● **Required work**
Restate all data exactly. No images.

+++ Data supplied +++

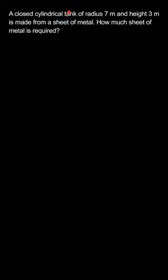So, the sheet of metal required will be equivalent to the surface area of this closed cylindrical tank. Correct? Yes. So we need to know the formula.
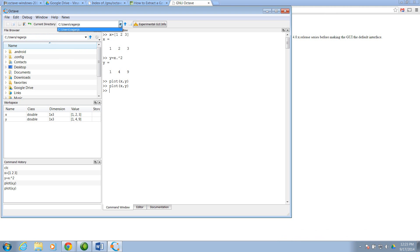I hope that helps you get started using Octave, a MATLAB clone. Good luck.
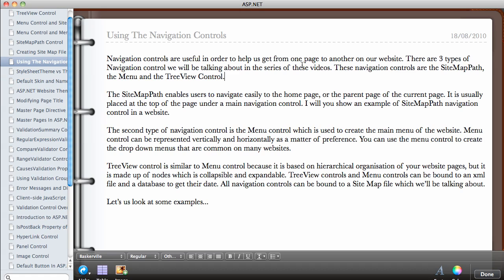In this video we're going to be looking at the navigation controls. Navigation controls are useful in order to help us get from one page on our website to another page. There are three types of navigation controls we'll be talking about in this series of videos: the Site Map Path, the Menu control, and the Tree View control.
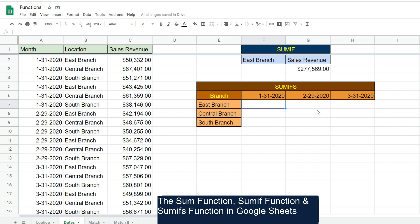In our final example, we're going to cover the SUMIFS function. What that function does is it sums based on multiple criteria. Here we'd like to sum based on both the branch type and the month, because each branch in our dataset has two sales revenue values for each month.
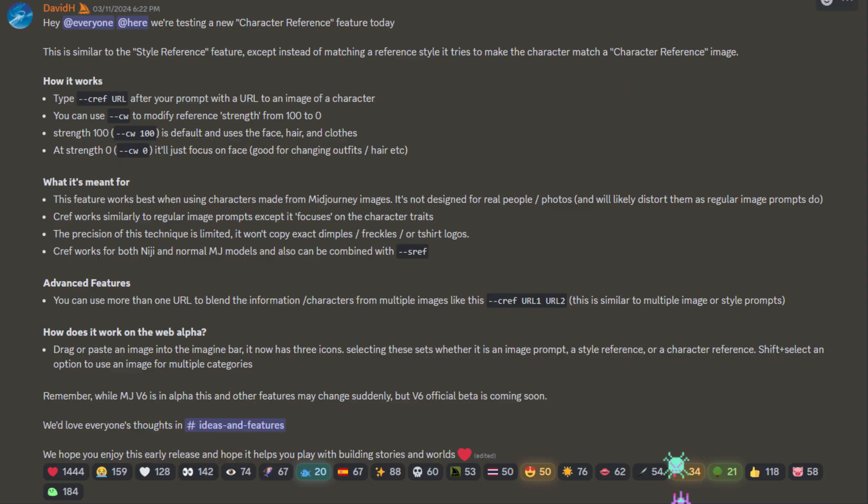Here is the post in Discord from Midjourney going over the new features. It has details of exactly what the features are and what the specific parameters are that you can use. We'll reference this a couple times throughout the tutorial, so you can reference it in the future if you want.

+++

● **Task response**
So, the sheet of metal required will be equivalent to the surface area of this closed cylindrical tank. Correct? Yes. So we need to know the formula.
I hope that helps you get started using Octave, a MATLAB clone. Good luck.
In this video we're going to be looking at the navigation controls. Navigation controls are useful in order to help us get from one page on our website to another page. There are three types of navigation controls we'll be talking about in this series of videos: the Site Map Path, the Menu control, and the Tree View control.
In our final example, we're going to cover the SUMIFS function. What that function does is it sums based on multiple criteria. Here we'd like to sum based on both the branch type and the month, because each branch in our dataset has two sales revenue values for each month.
Here is the post in Discord from Midjourney going over the new features. It has details of exactly what the features are and what the specific parameters are that you can use. We'll reference this a couple times throughout the tutorial, so you can reference it in the future if you want.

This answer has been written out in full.